### What you are asked to do
Write the listing below out again word for word, without a single picture.

### Stored data
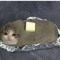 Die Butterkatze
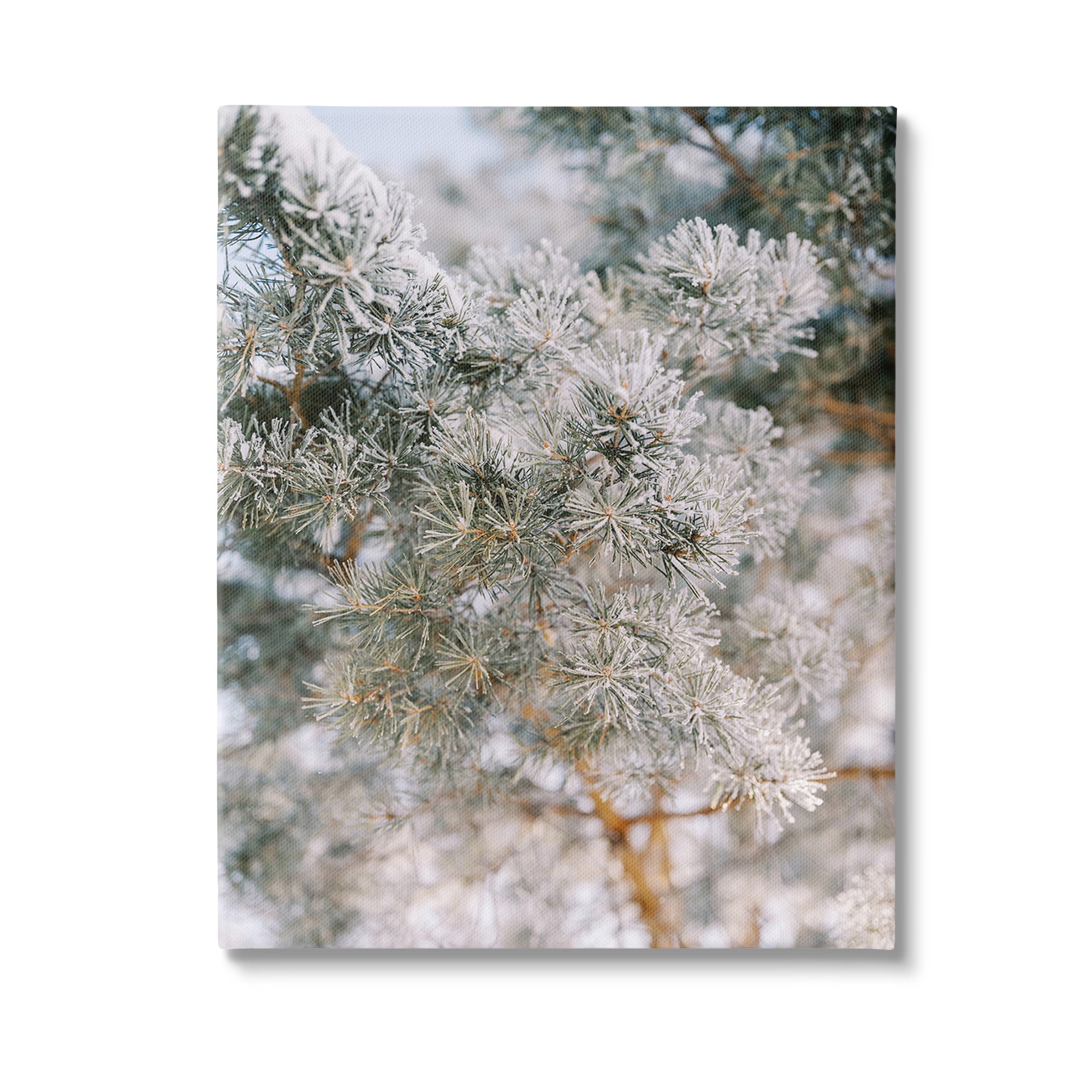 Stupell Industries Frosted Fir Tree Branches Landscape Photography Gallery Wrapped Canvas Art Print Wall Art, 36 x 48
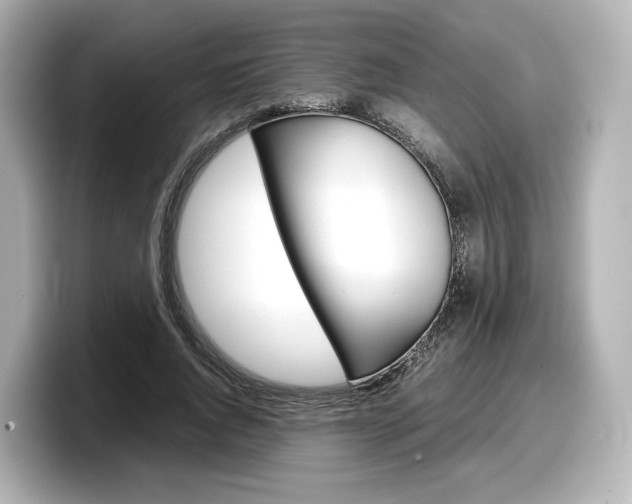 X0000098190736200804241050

### Answer space
 Die Butterkatze
 Stupell Industries Frosted Fir Tree Branches Landscape Photography Gallery Wrapped Canvas Art Print Wall Art, 36 x 48
 X0000098190736200804241050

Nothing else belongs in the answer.